YOUR INSTRUCTIONS:
Transcribe only what runs from the line containing "J Crew Boiled Wool Daphne Topcoat red size 0" through the final line below, exactly, and leave every picture out.

DATA SECTION:
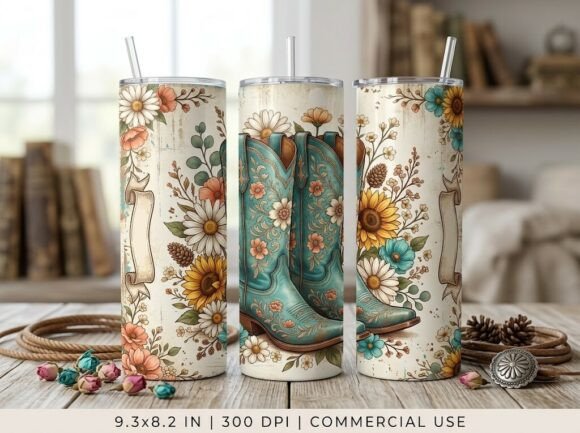 Turquoise Floral Cowboy Tumbler Design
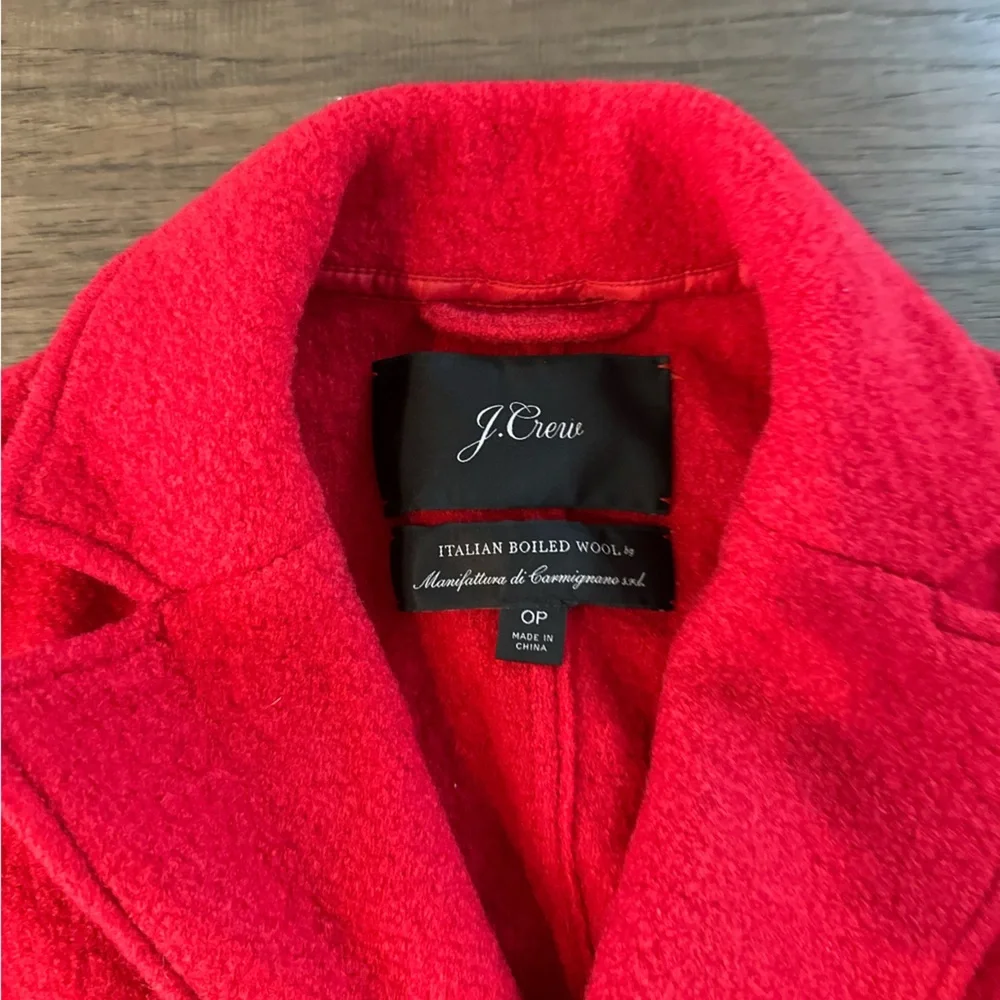 J Crew Boiled Wool Daphne Topcoat red size 0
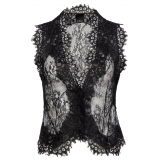 Pinko - Gilet Bustino in Pizzo - Nero - Top - Made in Italy - Luxury Exclusive Collection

EXPECTED ANSWER:
 J Crew Boiled Wool Daphne Topcoat red size 0
 Pinko - Gilet Bustino in Pizzo - Nero - Top - Made in Italy - Luxury Exclusive Collection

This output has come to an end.